**Exercise brief**
Begin with the first line of the entries below and reproduce each line exactly, ending with the line that holds "Nhấn chuột phải".

Segment Start: Input data

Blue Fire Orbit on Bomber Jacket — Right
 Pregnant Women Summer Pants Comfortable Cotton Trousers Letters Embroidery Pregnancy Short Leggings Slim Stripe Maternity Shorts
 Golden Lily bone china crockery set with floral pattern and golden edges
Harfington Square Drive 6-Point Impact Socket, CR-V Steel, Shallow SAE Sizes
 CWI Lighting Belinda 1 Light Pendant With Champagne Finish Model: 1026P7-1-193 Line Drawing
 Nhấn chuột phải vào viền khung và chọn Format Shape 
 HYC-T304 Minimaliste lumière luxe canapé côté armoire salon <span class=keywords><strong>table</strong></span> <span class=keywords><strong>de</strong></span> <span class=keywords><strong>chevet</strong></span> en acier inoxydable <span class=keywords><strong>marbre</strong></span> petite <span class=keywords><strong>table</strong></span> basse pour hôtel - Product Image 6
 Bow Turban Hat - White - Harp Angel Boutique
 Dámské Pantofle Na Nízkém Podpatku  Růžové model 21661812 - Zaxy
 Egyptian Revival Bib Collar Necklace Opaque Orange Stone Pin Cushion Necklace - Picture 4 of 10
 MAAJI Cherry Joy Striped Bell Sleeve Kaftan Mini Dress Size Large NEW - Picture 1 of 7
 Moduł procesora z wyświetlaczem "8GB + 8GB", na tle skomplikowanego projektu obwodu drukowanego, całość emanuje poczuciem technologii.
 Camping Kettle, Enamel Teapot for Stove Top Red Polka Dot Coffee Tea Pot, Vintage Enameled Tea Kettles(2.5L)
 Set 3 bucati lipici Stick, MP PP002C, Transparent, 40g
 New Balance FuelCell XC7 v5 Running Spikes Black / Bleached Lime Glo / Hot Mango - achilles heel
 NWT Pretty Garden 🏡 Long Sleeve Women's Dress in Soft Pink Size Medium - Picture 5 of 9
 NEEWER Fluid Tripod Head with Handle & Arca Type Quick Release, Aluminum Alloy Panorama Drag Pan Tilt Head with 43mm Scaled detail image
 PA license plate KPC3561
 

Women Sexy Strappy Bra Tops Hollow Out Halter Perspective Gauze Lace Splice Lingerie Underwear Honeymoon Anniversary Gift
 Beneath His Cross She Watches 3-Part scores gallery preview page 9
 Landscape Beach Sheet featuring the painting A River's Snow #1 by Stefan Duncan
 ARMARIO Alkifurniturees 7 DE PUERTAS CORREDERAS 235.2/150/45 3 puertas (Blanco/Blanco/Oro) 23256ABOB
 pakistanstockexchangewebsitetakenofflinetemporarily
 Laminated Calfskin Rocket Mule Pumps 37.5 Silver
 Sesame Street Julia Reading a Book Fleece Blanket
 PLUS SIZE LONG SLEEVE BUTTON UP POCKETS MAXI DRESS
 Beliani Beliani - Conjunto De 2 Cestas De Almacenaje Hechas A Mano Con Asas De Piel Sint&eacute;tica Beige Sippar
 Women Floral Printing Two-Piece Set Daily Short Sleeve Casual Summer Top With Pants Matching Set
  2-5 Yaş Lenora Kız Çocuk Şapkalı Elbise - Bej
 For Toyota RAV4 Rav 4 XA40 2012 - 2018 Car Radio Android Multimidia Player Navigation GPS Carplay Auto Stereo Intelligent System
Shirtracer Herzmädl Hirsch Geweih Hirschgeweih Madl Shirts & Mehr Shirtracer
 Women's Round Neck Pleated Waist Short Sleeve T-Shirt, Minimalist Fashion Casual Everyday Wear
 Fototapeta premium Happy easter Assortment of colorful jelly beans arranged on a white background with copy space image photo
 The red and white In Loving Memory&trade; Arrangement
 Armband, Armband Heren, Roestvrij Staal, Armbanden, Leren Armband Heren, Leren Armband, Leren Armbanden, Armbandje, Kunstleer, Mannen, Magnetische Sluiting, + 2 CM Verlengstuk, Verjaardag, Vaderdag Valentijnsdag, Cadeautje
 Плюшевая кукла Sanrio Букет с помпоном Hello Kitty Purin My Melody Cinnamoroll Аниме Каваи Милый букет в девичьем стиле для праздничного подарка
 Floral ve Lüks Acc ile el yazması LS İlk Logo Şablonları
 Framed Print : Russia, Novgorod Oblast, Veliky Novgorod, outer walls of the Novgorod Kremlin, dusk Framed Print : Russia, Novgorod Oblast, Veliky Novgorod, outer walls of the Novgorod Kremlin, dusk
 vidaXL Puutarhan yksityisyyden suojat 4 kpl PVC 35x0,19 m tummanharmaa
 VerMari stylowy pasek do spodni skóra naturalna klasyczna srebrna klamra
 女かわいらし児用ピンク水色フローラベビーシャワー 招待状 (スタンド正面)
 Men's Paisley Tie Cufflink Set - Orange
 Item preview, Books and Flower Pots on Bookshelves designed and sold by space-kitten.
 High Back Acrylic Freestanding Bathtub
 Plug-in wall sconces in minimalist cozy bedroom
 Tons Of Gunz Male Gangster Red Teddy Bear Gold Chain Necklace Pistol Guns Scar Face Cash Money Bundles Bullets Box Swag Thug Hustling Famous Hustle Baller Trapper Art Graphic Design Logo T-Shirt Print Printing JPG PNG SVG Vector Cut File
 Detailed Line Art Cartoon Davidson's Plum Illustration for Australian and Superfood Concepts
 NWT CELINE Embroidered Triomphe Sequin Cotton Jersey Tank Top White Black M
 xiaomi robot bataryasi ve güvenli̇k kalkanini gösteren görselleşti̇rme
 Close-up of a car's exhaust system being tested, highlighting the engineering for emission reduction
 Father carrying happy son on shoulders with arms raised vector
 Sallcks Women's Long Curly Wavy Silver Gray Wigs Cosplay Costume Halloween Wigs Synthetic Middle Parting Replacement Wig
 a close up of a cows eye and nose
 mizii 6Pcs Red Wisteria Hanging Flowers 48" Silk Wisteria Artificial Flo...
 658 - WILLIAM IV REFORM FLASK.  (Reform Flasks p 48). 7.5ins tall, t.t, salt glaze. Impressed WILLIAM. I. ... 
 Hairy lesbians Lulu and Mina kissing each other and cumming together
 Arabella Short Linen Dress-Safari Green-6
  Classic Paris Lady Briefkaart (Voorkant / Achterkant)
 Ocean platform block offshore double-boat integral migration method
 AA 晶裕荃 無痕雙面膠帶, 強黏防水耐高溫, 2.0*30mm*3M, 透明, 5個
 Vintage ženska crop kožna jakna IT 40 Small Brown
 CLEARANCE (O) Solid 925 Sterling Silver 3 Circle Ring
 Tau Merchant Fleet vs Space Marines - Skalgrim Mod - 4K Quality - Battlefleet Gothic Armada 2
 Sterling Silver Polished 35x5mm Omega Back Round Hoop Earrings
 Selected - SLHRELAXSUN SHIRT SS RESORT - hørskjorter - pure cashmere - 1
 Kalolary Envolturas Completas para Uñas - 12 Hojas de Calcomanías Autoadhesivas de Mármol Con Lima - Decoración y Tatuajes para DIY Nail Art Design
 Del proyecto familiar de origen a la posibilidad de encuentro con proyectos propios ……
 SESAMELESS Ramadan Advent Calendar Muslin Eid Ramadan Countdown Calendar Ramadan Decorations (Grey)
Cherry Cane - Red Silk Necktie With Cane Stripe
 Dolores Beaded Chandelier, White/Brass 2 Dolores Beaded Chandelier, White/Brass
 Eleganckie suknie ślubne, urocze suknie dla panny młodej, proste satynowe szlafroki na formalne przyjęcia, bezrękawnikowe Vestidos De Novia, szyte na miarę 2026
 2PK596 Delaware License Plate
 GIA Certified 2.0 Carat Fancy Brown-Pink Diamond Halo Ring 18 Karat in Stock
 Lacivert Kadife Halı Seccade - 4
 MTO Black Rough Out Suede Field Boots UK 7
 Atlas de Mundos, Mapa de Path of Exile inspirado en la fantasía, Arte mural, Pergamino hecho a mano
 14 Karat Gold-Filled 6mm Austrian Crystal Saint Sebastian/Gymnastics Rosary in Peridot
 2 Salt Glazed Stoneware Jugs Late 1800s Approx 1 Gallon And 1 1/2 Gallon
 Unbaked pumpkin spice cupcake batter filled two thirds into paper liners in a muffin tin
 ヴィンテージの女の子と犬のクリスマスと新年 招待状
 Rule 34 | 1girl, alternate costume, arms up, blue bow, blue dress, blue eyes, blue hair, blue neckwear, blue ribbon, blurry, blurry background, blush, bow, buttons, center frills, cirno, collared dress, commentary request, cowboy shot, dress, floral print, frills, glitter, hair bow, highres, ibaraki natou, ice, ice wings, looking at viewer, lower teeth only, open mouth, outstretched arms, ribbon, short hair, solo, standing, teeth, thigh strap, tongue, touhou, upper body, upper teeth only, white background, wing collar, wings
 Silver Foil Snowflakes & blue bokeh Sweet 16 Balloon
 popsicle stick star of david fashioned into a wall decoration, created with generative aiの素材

Segment End: Input data

**Solution to this problem**
Blue Fire Orbit on Bomber Jacket — Right
 Pregnant Women Summer Pants Comfortable Cotton Trousers Letters Embroidery Pregnancy Short Leggings Slim Stripe Maternity Shorts
 Golden Lily bone china crockery set with floral pattern and golden edges
Harfington Square Drive 6-Point Impact Socket, CR-V Steel, Shallow SAE Sizes
 CWI Lighting Belinda 1 Light Pendant With Champagne Finish Model: 1026P7-1-193 Line Drawing
 Nhấn chuột phải vào viền khung và chọn Format Shape 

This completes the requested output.